PROBLEM STATEMENT: Only the text of the entries below should be returned, exactly as given, without pictures.

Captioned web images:
- - - - -
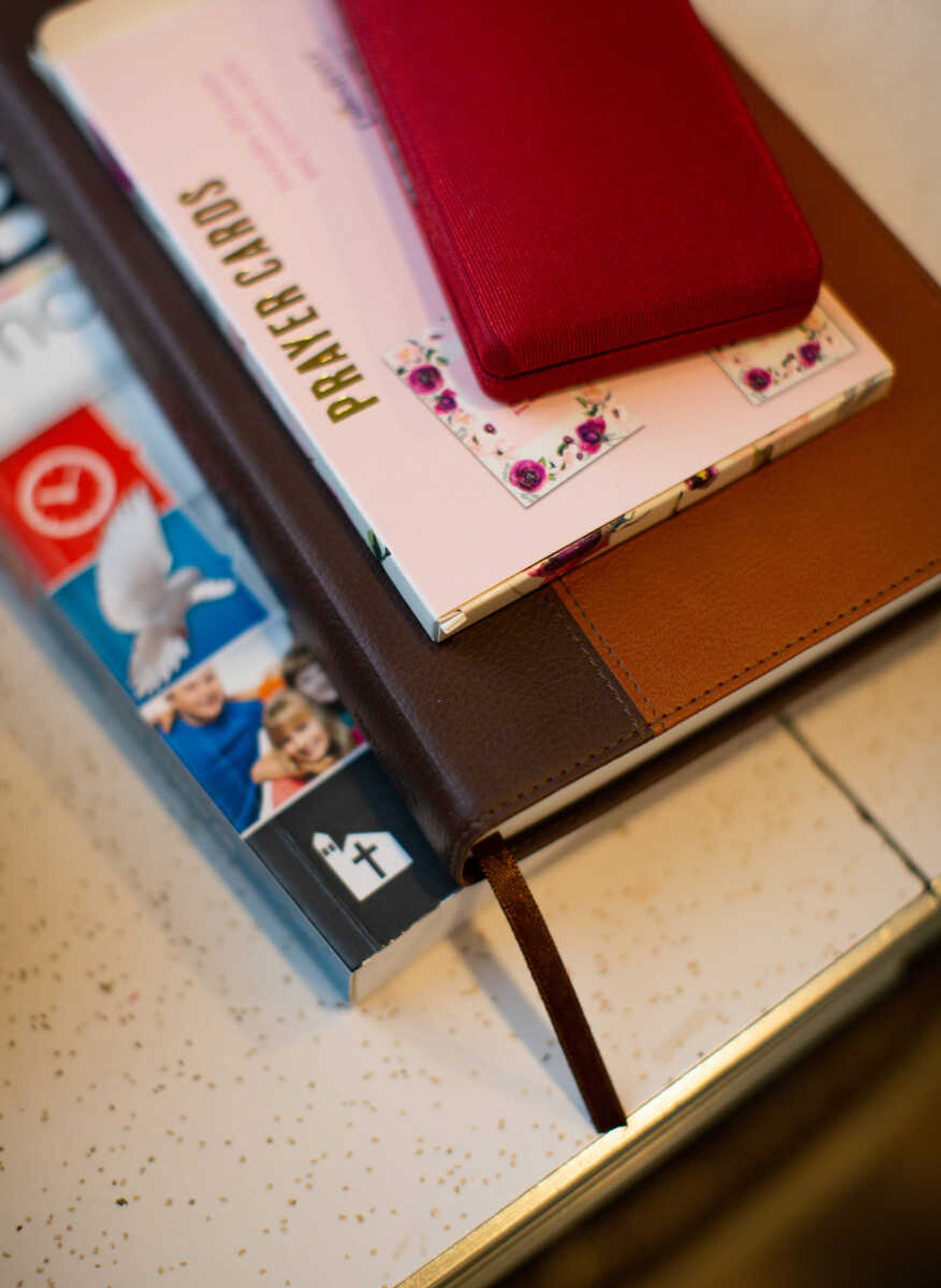 Reading materials where Marilyn Morgan finds inspiration are collected on a table near her desk. Morgan decided to share her experiences through writing to encourage people during the pandemic.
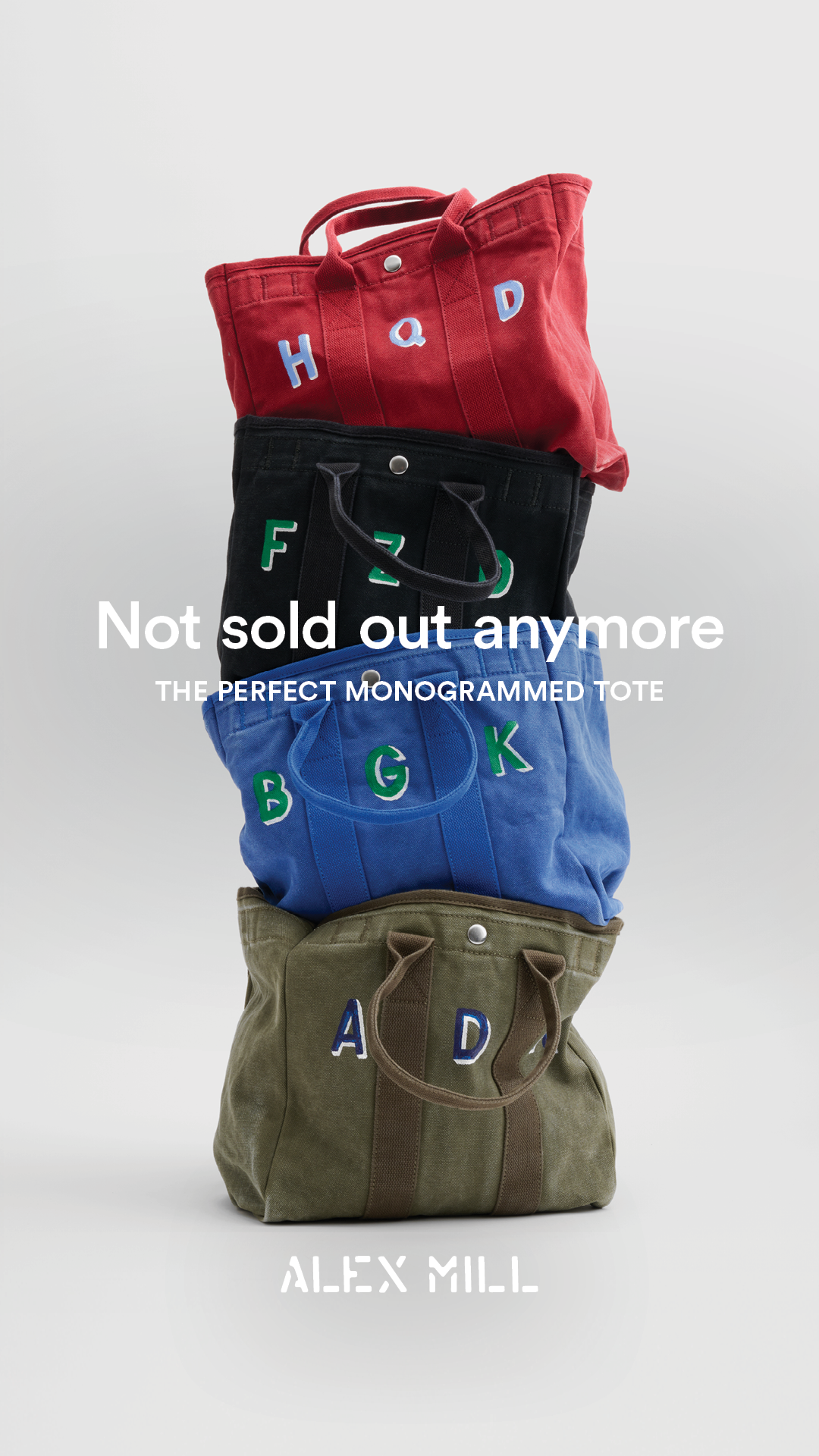 A stack of four canvas tote bags in different colors (red, black, blue, and olive green) are shown against a plain white background. Each bag has large, embroidered letters on the front, spelling out different words. Text overlays read "Not sold out anymore" and "THE PERFECT MONOGRAMMED TOTE". Below the bags, the brand name "ALEX MILL" is displayed in white stencil-like lettering. The creative highlights the return of a popular product that has previously sold out.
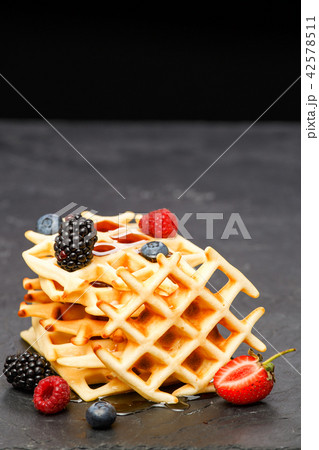 Photo of viennese wafers with berries pouring honey on black background Photo of viennese wafers with berries pouring honey on black background 42578511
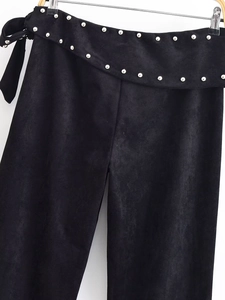 Detail view of black suede flared pants with silver rivet studs and lace-up waist design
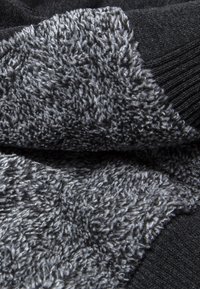 Tela negra con un suave detalle de forro polar gris texturizado. Los materiales en contraste crean una apariencia en capas, resaltando la profundidad y la calidez.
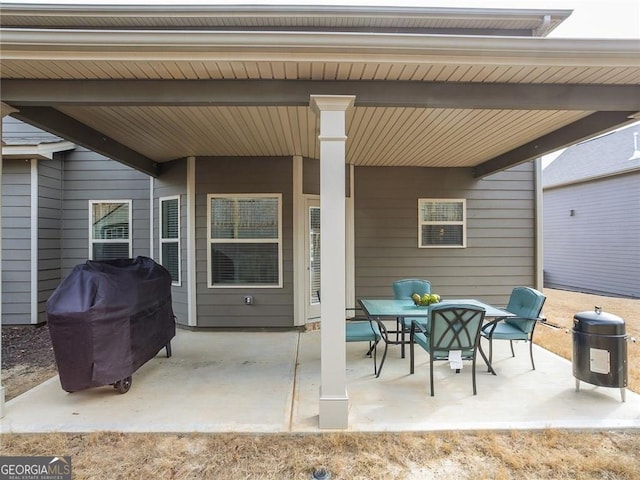 view of patio with outdoor dining space and a grill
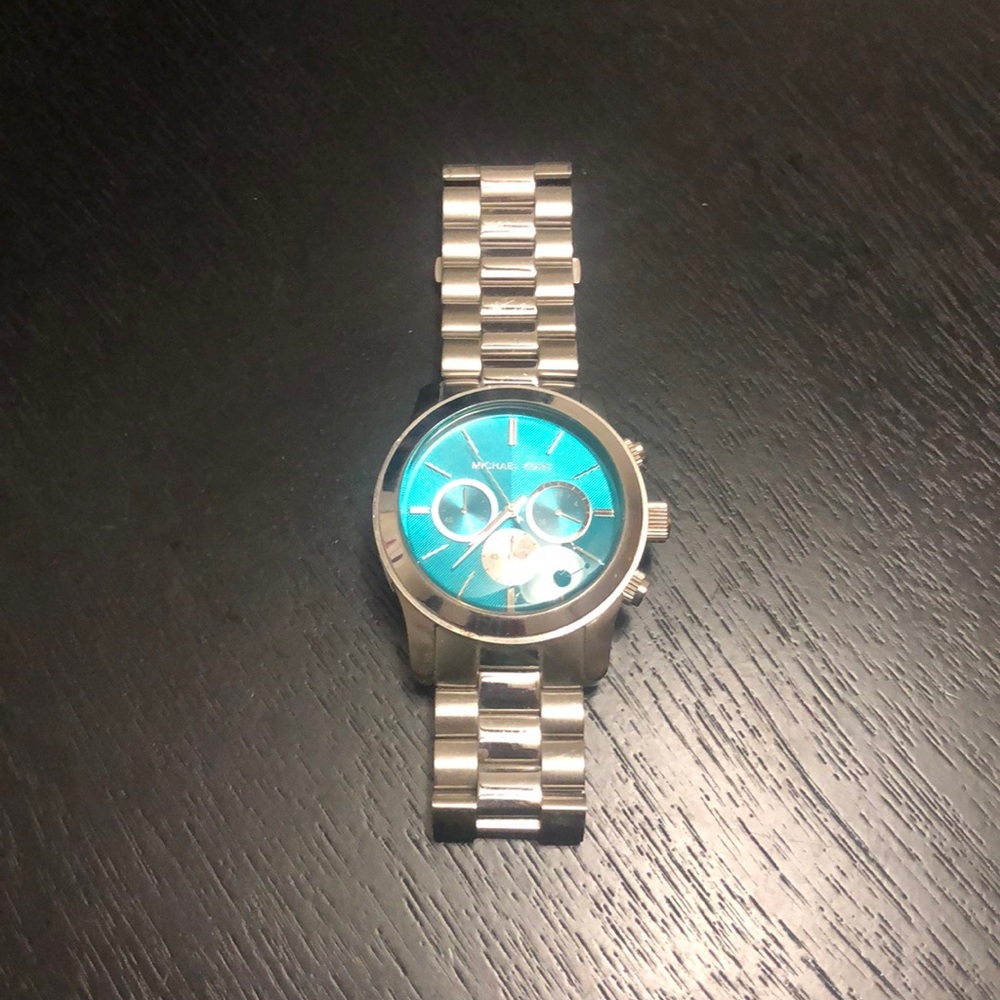 Silver with teal face MK watch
- - - - -
RESULT OF THIS TASK:
 Reading materials where Marilyn Morgan finds inspiration are collected on a table near her desk. Morgan decided to share her experiences through writing to encourage people during the pandemic.
 A stack of four canvas tote bags in different colors (red, black, blue, and olive green) are shown against a plain white background. Each bag has large, embroidered letters on the front, spelling out different words. Text overlays read "Not sold out anymore" and "THE PERFECT MONOGRAMMED TOTE". Below the bags, the brand name "ALEX MILL" is displayed in white stencil-like lettering. The creative highlights the return of a popular product that has previously sold out.
 Photo of viennese wafers with berries pouring honey on black background Photo of viennese wafers with berries pouring honey on black background 42578511
 Detail view of black suede flared pants with silver rivet studs and lace-up waist design
 Tela negra con un suave detalle de forro polar gris texturizado. Los materiales en contraste crean una apariencia en capas, resaltando la profundidad y la calidez.
 view of patio with outdoor dining space and a grill
 Silver with teal face MK watch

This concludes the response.